Provide one example, with supporting evidence, of nurses' involvement in activities that address national or international patient safety goals that led to an improvement in patient safety outcomes. Supporting evidence must be submitted in the form of a graph with a data table that clearly displays the data
2014 National Patient Safety Goal 15.01.01 - Identify patient safety risks; find out which patients are more likely to commit suicide. Background Nurses are an integral component of patient safety on a daily basis within the hospital setting. Part of these safety issues that align with the 2014 National Patient Safety Goals revolve around identification of patients that are more likely to commit suicide. Goal Statement 100% compliance with Suicide Risk Assessment in Triage and on Unit. Identify those at risk for suicide and refer to proper connections. Intervention A Suicide Risk Do It Group (DIG) began in December of 2011, where multidisciplinary staff helped identify process guidelines within FF Thompson's Policy and Procedure and identify specific ICD9 codes related to psychological issues being seen in the Emergency Department (ED) and how to help nursing staff quickly identify those at risk for suicide. The DIG group met multiple times throughout the following 2012/2013 year to identify process improvement trends (Exhibit EP21EO.1).
Exhibit EP21EO.1
Exhibit EP21EO.1 DIG Meeting Minutes.pdf
Hospital staff met every morning for a bed meeting involving charge nurses, hospitalists, dietary, social work, physical therapy, and physicians. During the meetings, discussions took place regarding patients who were identified with specific needs that had to be met before discharge. The new Electronic Medical Record (EMR) McKesson, helped identify those in need of extra services. One of these needs is identified through the use of McKesson and T-System in regards to Suicide Risk Assessment. When a Suicide Risk Assessment is complete, the box that is checked automatically flags the electronic chart and sends a message to social work for a referral (Exhibit EP21EO.2) Exhibit EP21EO.2 Suicide Risk Assessment is also an annual competency that all nursing staff must complete. The Monthly Educational Component (MEC) for the 2014 year is Nursing Spectrum Article CE649: Preventing Suicide in the Hospital Setting. This one hour course provides nursing staff with insight into the Suicide Risk Assessment and how to discuss suicide with patients and families.

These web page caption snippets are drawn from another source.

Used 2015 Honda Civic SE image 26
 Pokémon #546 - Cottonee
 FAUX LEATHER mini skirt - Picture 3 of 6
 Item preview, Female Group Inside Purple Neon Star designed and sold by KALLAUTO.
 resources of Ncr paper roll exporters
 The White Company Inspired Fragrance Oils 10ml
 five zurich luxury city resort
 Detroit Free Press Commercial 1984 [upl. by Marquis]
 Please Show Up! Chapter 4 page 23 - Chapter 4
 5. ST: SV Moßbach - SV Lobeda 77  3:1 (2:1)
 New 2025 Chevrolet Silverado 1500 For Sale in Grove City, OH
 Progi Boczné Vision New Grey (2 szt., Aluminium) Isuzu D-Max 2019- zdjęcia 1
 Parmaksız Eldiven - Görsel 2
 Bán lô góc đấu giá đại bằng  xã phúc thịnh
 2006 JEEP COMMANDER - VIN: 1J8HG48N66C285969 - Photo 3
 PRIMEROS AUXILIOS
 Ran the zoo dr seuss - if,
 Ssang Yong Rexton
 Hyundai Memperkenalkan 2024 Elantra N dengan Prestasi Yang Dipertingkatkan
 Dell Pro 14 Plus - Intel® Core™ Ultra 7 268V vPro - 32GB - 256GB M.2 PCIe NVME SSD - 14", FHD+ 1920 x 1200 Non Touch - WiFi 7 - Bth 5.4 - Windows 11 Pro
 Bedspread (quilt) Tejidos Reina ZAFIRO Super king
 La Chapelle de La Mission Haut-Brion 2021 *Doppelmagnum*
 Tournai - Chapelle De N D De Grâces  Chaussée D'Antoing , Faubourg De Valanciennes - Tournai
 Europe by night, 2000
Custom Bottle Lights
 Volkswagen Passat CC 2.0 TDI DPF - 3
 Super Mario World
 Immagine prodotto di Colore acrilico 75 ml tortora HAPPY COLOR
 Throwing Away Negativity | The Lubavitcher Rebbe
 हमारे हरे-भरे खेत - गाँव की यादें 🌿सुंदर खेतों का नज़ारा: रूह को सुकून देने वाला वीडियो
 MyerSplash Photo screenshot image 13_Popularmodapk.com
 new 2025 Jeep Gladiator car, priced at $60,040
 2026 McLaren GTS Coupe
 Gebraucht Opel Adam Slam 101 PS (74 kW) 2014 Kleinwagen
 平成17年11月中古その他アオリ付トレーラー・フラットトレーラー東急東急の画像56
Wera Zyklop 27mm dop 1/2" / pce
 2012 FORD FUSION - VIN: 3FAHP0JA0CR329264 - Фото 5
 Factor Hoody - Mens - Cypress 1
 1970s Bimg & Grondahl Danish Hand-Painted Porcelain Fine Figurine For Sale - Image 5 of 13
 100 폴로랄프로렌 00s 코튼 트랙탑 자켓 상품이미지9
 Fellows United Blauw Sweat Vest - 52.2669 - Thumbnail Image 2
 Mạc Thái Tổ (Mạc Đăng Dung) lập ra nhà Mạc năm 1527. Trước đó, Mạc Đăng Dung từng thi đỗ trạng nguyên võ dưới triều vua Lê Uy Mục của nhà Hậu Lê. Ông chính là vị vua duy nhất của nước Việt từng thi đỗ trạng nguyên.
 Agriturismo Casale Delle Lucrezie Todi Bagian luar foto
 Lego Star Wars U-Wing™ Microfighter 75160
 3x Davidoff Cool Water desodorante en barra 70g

The DIG team also discussed the process of early identification of potential suicidal patients in the ED. The new tracking system in T-System, the electronic record used in the Emergency Department, was also updated in the 3rd quarter of 2014 related to DIG concerns to identify those patients at risk and would also alert Social Work to potential suicidal risks (Exhibit EP21EO.4). The "SAD PERSONS" acronym was also implemented into the T-System program, which creates a quick scoring system to help identify patients that are more at risk for suicidal incidents (Exhibit EP21EO.5). Depending on the patients score, another screen helps guide the nurse in questions related to self-harm and can alert Social Work if an issue is present (Exhibit EP21EO.6). Wallet cards regarding suicide are also now available in the ED in both English and Spanish (Exhibit EP21EO.7).
Exhibit EP21EO.4
Exhibit EP21EO.5
Exhibit EP21EO.6
Exhibit EP21EO.7
Exhibit EP21EO.7 Wallet Card.pdf
Participants Mary Savastano, LMSW, Director of Case/Quality Management, Patient Care Services Virginia Hebda, MSN, RN, CEN, previous Director of Emergency Department, Patient Care Services Donna Fulmer, MSN, RN, CPAN, NE-BC, previous Director of Perioperative Services, Patient Care Services Diana Ellison, MSN, RN,CNL, Clinical Nurse Leader, Nursing Administration, Patient Care Services Cathy Shannon, Director of Practice Management, Administration Stephanie Taylor, Medical Social Worker,Case Management and Social Work, Patient Care Services Rachel Wise, Social Worker, Case Management and Social Work, Patient Care Services Data
Outcomes The intervention of the DIG process was implemented in 1st quarter of 2013, with ongoing process improvements and changes to the EMR to provide the most accurate data collection possible. While the ultimate goal of 100% suicide risks completed was not met, the trended data above clearly displays that the DIG team is the driving force behind the attainable goal. With the launch of the new T-System upgrade, the Suicide Hotline number will print on all discharge instructions from the Emergency Department and help guide the discharged patient to needed resources.